These Companies are Opening Adult Dorms — But are They Worth It?
My college dorm memories aren’t exactly pleasant.
One girl talked to her boyfriend on the phone in the hallway every single night. There were showers covered in hair and three girls squeezed into a room meant for two.
However, there was a certain camaraderie in the air.
Not enough to make me stay more than a year, but it was there.
How Much You’ll Pay for Communal Living
Here’s the idea: Millennials are lonely and lacking in face-to-face interactions.
So, what do certain entrepreneurs think they need? Dorms, obvi.
Here are three adult dorms making waves:
Located in downtown Syracuse, New York, Commonspace has 21 fully furnished, 300-square-foot studio units, each with a kitchenette and bathroom.
“Our goal is to take the best parts of dorm living -- community, involvement, social interaction -- and apply them to downtown apartment living,” Commonspace’s website says.
Rent ranges from $800 to $975 per month, based on the style of your unit and length of your lease.
Considering the median rent in Syracuse is $1,350 and Commonspace has a central location, rooftop deck, shared bikes and community manager, this one seems like a pretty clear win.
It’s “currently exploring” other mid-sized cities, and says to let it know if yours would be a good fit.
With apartments in Manhattan’s Financial District (FiDi) and Arlington, Virginia, WeLive calls itself “a new way of living built upon community, flexibility and a fundamental belief that we are only as good as the people we surround ourselves with.”
It offers furnished units with month-to-month leases -- as well as a community concierge and “all the coffee, tea and beer you can drink.”
Private bedrooms start at $1,700 per person per month in New York, and $2,745 for private studios. In Virginia, rent starts at $1,200 and $1,950, respectively.
That might sound crazy expensive, but consider the median rent in those locations, and it’s not totally out of line: $3,795 in FiDi (though that includes all sizes of apartments) and $1,150 for a one-bedroom in Arlington.
A cross between a hostel and a co-working space, PodShare has three Los Angeles locations that cost $40-$50 for a 24-hour membership.
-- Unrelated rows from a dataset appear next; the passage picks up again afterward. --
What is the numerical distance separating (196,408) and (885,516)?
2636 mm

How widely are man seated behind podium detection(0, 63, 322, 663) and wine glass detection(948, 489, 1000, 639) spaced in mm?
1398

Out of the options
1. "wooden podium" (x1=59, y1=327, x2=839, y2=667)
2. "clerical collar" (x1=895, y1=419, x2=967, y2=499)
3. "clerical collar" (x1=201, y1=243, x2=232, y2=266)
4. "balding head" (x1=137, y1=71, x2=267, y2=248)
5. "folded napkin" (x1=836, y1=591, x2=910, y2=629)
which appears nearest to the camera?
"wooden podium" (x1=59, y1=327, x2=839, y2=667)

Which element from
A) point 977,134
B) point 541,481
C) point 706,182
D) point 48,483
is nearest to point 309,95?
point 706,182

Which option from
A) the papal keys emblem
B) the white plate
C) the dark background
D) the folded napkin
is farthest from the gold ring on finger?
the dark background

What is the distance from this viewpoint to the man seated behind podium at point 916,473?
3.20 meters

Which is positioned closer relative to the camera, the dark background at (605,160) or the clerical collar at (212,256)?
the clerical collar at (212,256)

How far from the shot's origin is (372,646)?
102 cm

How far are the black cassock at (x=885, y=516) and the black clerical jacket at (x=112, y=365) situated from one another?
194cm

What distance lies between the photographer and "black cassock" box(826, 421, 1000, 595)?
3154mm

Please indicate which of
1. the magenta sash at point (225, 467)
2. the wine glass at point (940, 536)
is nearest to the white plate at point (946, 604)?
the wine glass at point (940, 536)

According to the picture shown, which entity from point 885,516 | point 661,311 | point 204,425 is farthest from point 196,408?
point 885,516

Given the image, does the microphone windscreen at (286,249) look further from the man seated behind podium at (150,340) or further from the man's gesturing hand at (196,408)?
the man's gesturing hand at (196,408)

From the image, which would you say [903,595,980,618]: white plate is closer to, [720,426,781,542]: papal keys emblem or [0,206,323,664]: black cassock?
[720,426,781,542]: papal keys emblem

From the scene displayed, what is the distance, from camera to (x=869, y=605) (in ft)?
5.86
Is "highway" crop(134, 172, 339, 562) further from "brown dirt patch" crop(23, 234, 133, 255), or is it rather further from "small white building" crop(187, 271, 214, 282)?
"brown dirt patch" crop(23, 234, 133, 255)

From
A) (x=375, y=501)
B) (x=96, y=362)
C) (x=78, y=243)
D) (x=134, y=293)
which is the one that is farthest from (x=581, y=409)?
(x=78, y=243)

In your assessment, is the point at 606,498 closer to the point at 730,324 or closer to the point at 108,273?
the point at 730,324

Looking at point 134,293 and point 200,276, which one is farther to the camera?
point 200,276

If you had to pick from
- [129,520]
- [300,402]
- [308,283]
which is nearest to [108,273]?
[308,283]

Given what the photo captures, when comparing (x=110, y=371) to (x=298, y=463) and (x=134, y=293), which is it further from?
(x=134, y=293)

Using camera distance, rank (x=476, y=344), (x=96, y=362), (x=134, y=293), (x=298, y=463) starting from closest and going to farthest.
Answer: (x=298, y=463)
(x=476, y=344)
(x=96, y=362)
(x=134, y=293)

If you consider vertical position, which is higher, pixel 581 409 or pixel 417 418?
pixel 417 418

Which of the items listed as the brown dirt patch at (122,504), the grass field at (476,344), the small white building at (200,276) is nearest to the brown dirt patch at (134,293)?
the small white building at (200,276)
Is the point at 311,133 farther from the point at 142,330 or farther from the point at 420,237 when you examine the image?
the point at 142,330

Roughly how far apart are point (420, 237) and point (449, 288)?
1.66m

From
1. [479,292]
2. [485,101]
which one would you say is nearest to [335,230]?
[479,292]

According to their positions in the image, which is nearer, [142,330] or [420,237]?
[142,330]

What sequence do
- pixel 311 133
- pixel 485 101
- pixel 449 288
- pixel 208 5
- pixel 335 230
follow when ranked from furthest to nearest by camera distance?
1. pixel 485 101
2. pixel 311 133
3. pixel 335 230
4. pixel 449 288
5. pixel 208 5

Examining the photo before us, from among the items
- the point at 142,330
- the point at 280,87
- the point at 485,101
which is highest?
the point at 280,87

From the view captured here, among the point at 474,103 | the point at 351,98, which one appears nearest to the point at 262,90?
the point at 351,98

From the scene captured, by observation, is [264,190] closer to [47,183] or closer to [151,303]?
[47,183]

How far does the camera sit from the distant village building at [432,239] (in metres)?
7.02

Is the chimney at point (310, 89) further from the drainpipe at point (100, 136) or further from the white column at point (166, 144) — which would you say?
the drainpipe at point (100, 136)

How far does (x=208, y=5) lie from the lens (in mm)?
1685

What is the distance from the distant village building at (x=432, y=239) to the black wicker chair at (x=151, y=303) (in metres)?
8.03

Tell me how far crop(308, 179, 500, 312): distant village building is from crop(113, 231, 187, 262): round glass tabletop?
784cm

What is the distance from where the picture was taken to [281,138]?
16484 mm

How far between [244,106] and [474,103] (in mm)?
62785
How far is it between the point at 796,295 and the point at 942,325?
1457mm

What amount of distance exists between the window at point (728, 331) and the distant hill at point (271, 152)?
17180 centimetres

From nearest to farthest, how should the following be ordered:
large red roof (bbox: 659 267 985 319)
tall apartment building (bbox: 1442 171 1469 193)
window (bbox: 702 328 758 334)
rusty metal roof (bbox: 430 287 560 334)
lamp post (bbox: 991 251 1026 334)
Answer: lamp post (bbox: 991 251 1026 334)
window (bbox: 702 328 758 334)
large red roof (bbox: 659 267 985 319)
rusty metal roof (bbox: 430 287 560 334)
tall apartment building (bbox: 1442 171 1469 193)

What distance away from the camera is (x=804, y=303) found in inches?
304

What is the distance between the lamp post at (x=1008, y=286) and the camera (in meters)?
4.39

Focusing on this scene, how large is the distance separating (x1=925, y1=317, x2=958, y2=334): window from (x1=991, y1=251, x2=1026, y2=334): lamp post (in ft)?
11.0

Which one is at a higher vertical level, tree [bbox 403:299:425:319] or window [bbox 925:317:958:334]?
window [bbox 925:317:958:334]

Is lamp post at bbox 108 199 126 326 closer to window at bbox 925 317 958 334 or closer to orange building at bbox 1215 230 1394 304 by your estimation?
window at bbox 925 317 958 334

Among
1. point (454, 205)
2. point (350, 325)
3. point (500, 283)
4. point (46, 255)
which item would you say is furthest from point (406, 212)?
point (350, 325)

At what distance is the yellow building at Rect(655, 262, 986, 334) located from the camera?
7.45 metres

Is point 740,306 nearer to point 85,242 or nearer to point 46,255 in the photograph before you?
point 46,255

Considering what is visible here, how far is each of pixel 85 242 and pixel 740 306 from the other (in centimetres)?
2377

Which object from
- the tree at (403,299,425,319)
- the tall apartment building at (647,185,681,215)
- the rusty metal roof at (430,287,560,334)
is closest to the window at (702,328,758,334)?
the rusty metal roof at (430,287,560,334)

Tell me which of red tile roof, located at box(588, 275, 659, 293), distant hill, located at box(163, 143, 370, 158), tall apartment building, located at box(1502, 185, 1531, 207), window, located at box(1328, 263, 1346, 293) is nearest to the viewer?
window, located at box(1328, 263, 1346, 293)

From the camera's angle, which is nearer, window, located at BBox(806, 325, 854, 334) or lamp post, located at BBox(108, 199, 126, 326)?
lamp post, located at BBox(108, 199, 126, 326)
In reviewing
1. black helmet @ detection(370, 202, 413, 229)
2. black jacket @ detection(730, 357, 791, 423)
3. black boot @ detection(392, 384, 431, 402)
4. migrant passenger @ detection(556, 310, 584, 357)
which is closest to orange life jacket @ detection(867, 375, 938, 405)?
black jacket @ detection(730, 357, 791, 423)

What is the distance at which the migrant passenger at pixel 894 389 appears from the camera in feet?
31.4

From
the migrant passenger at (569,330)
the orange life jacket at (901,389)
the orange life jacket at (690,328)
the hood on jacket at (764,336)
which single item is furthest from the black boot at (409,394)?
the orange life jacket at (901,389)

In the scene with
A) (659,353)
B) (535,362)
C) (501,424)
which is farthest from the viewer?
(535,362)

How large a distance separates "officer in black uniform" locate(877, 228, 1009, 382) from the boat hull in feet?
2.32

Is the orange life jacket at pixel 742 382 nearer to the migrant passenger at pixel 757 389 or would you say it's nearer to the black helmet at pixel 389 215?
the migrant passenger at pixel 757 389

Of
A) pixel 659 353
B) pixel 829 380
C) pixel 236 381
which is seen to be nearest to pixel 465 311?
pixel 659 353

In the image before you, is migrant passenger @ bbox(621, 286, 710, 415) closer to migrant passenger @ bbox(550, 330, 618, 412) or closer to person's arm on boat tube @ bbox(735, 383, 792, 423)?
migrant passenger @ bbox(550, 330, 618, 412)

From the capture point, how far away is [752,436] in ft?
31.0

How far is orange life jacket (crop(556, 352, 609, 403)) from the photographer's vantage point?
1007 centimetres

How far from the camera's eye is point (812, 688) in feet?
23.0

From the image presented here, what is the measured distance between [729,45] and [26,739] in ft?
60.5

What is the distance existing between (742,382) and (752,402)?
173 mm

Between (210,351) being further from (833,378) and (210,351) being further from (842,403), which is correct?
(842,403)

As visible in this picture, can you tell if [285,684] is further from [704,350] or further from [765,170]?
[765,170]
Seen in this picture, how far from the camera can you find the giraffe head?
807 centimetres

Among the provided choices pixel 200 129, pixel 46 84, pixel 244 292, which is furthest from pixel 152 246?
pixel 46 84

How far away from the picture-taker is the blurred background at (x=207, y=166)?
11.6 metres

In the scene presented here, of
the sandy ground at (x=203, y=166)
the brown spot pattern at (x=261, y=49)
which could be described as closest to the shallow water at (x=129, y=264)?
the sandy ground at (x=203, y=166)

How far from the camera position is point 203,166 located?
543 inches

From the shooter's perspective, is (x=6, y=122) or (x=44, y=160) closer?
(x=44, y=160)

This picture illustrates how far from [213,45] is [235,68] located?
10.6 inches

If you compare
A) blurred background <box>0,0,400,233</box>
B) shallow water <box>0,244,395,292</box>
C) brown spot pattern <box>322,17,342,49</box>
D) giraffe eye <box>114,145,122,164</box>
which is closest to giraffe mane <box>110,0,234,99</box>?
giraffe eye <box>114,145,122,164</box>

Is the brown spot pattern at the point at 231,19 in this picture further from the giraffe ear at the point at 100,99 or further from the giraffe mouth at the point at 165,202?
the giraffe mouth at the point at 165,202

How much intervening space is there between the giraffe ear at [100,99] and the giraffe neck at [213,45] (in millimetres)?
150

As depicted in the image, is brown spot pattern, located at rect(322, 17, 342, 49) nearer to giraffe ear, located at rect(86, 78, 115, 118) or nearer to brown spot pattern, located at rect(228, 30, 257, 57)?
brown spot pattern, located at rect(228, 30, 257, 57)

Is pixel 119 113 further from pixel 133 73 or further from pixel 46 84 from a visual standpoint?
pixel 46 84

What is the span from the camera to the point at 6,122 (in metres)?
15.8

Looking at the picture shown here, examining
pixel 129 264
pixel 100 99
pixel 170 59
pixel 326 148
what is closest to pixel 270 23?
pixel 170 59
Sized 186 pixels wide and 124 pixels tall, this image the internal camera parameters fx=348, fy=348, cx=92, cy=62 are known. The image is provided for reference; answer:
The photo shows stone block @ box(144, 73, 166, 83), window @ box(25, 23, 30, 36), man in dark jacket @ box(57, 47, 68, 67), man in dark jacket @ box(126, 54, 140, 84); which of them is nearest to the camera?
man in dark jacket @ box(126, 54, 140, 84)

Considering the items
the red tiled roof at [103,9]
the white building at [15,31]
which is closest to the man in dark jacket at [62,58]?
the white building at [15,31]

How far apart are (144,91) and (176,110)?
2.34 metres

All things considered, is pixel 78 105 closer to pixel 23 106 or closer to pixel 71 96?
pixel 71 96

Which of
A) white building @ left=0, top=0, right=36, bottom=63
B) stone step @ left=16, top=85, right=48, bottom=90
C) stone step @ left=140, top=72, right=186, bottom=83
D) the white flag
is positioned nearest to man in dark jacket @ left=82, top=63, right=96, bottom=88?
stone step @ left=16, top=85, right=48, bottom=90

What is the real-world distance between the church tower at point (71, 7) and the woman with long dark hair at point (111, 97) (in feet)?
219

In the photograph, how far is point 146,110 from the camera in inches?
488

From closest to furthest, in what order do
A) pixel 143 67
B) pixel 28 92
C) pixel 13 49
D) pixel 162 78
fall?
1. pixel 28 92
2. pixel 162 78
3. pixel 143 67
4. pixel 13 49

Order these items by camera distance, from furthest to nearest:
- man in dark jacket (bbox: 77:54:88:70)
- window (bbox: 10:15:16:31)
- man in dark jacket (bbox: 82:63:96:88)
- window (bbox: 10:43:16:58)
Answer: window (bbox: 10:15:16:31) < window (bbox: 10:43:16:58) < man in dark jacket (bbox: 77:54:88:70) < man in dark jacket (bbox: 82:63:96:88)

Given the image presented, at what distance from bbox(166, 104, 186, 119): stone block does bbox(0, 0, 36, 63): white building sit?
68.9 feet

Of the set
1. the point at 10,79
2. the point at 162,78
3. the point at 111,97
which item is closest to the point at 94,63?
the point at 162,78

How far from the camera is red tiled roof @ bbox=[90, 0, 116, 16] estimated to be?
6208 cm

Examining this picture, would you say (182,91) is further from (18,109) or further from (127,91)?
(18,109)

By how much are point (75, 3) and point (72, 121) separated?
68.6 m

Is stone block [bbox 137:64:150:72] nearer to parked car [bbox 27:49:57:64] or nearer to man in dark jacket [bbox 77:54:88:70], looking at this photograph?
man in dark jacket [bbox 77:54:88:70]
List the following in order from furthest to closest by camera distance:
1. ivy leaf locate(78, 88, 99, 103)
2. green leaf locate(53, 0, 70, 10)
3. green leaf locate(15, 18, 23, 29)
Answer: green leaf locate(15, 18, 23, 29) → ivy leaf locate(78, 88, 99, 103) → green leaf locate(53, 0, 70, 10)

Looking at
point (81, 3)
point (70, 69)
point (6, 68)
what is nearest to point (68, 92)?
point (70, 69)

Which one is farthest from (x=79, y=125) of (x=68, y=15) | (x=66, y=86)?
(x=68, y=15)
Longer stays cost $250 per week.
In these open, hostel-style rooms, you’ll have your own “pod,” which can be used as a bed at night and desk during the day.
“PodShare makes life more affordable because there is no security deposit or cost of furnishings and we provide flexible living,” co-founder Elvina Beck told VICE.
“Pod life is the future for singles which [sic] are not looking to settle down, but focus on their startups and experience something new.”
Pod life, huh?
Call me old-fashioned, but I’ll pass on living in a room with dozens of people for now. What if there’s a snorer?!
As for the other dorms, I think they sound kind of interesting. How about you?
Your Turn: Would you ever consider living in one of these dorms?